RECORDS TO PROCESS Block Start

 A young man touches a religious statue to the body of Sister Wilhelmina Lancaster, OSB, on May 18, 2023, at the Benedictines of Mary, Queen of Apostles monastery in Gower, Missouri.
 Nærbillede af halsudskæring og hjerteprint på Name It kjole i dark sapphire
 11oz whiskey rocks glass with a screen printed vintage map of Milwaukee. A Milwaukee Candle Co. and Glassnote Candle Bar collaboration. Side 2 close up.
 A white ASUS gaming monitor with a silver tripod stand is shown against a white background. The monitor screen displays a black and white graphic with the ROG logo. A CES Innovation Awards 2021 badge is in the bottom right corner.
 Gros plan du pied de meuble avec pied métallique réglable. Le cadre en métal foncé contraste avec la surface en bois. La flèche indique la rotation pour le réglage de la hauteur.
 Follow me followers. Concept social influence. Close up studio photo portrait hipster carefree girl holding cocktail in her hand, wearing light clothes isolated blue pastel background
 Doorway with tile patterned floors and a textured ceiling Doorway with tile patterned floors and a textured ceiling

RECORDS TO PROCESS Block End
RECORDS TO PROCESS Block Start

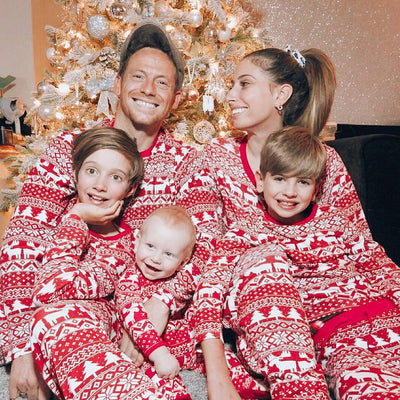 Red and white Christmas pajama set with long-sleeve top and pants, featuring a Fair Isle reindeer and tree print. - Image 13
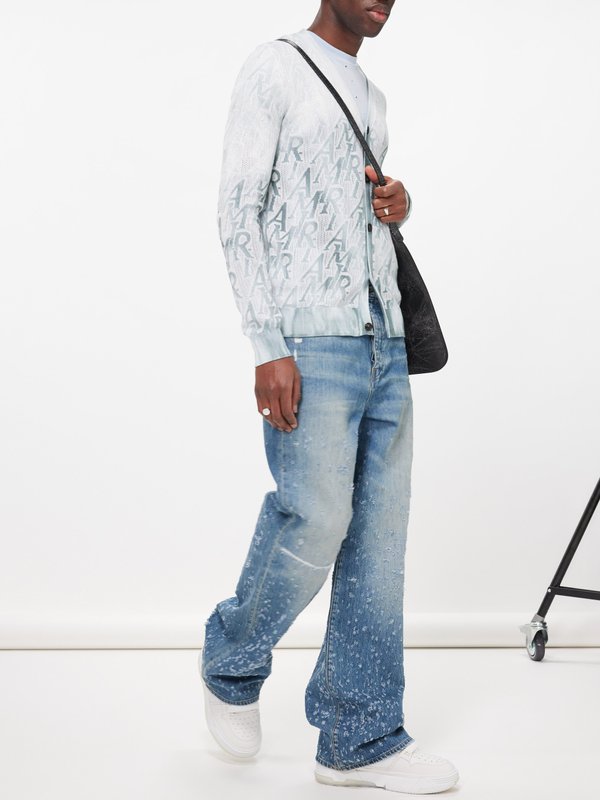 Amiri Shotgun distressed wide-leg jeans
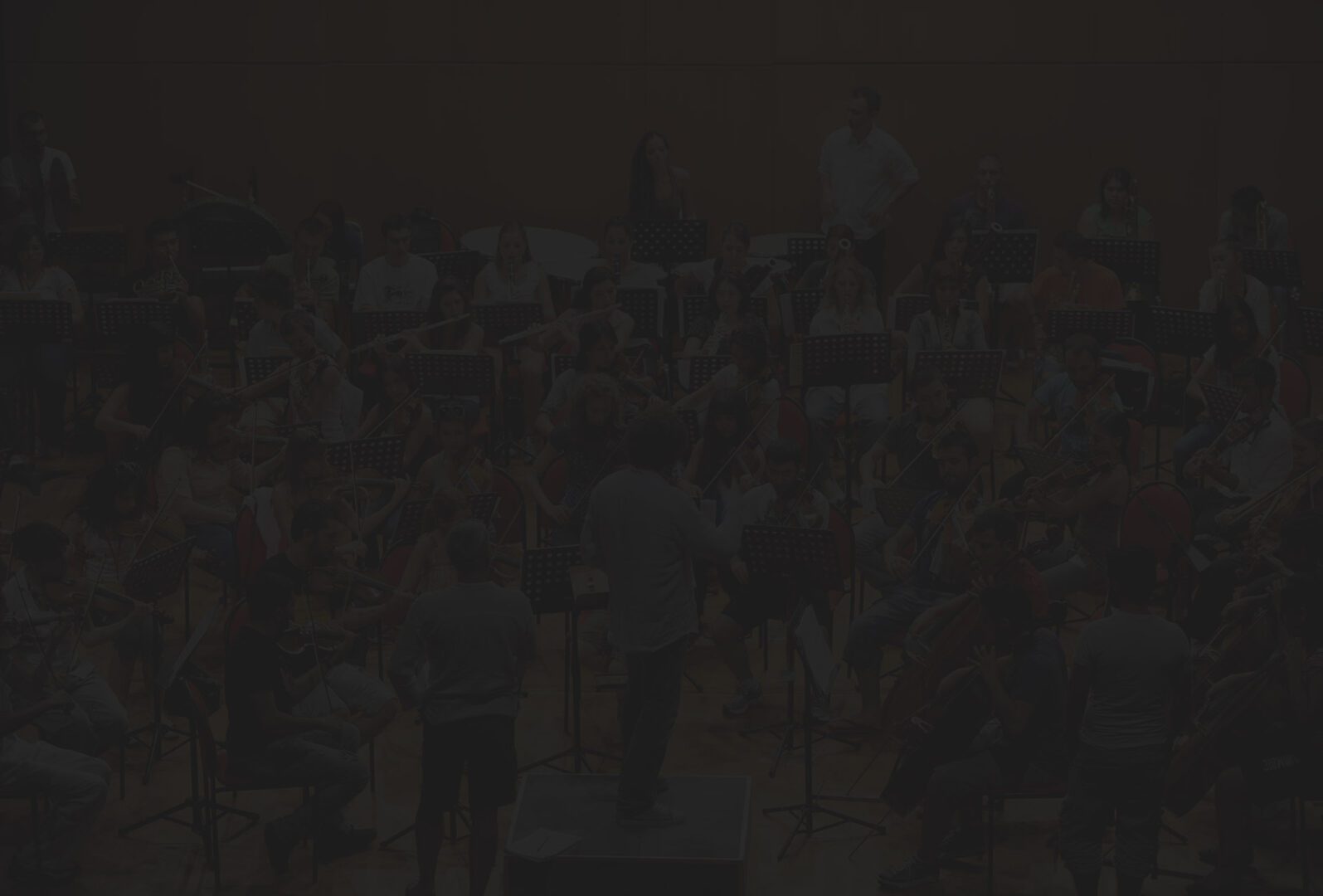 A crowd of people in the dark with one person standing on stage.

RECORDS TO PROCESS Block End

Everything from the line with "Gros plan du" through the line with "textured ceiling Doorway" in the listing above must be retyped exactly, with nothing added.

> **RESPONSE TO THE EXERCISE**
 Gros plan du pied de meuble avec pied métallique réglable. Le cadre en métal foncé contraste avec la surface en bois. La flèche indique la rotation pour le réglage de la hauteur.
 Follow me followers. Concept social influence. Close up studio photo portrait hipster carefree girl holding cocktail in her hand, wearing light clothes isolated blue pastel background
 Doorway with tile patterned floors and a textured ceiling Doorway with tile patterned floors and a textured ceiling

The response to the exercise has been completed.